What the boards looked like wet with mineral spirits is what it would look like with another coat of finish on it. Since the white is dissappearing it is just normal scuffing of the finish with the sandpaper. It's like you took a sheet of plexi-glass and sanded it. It would have a milkish look to it. The only thing unusual you have is such distinct high and low places in the plywood you have. The third picture shows a crack in the veneer about the center. If that was a real project that should have been filled with wood putty and sanded before staining and finishing.

If you kept going with the finish you could level the high and low places of the plywood but it would take a bunch of coats with sanding between. I don't think you need to do any more with these practice pieces. If you have any more scraps of this plywood I would try sanding the wood more and see if you can get the ridges out and then test the finish. I think the texture of the wood you have is your biggest problem.


----------



## tpierce (Oct 14, 2013)

needmorecoffee said:


> I sanded the piece down some more.
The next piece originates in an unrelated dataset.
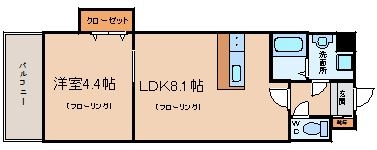 アンピールメゾン天神北1001号室-間取り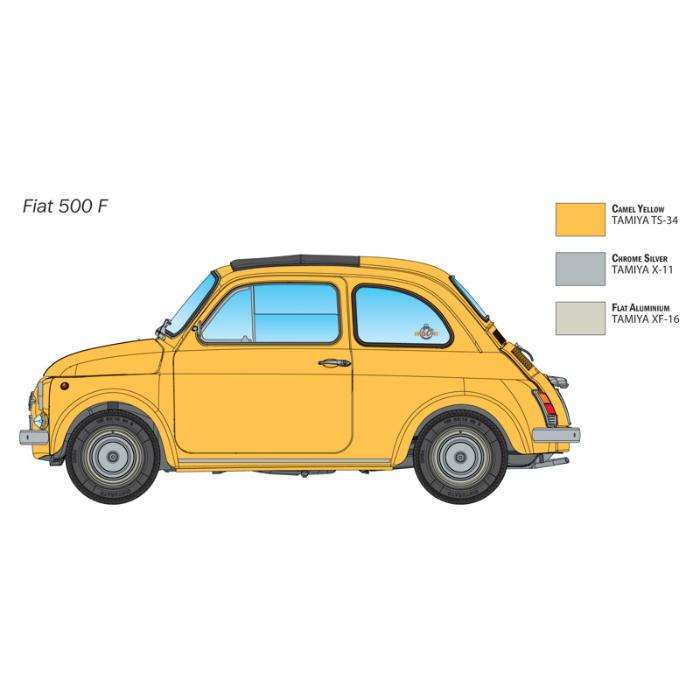 1/12 Fiat 500 F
This pic was taken after vacuuming.
> 
> 
> 
> ...


These are test boards??? I missed this detail. Ok then. Now that you have a feel for applying the top coat, which is the hardest step, follow these principles and you'll be fine .

Sand with 150 grit if it is Oak.

Wipe down with lacquer thinner.

Apply an oil based pre-stain conditioner. Rag or brush it on.

Apply your oil based stain. Don't be afraid to work in the stain using various motions, you want to get the stain in the pores. (Remember that it only matters going in the direction of the grain when removing the stain.)

You are using an oil based stain, so you have time to let the stain soak in. Watch the clock when applying the stain and let it soak in for about 10 minutes.

Remove the stain in direction of grain. Don't be afraid to apply pressure when removing the stain. They key is to get all of the excess off. (You may want to put another coat on later so all of the stain that sits on top has to be removed. Oil based stain contains pigment that can sometimes sit on top of the wood)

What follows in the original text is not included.